Task description> With both ends included, repeat exactly the lines of the entries below from the one containing "Braves plaatsen 5-keer" down to the one containing "methemoglobinemia, hemoglobinuric nephrosis</p>", and no others.

Data for processing>
────────────────
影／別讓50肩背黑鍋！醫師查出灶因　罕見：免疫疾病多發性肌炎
────────────────
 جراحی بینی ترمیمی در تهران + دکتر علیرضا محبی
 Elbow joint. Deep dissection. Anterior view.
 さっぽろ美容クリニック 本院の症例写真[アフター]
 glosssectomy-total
────────────────
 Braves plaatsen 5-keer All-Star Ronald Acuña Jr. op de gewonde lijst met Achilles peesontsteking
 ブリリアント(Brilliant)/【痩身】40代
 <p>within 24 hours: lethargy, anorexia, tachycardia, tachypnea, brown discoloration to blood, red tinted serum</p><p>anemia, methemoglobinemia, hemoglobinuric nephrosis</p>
────────────────
Task solution>
 Braves plaatsen 5-keer All-Star Ronald Acuña Jr. op de gewonde lijst met Achilles peesontsteking
 ブリリアント(Brilliant)/【痩身】40代
 <p>within 24 hours: lethargy, anorexia, tachycardia, tachypnea, brown discoloration to blood, red tinted serum</p><p>anemia, methemoglobinemia, hemoglobinuric nephrosis</p>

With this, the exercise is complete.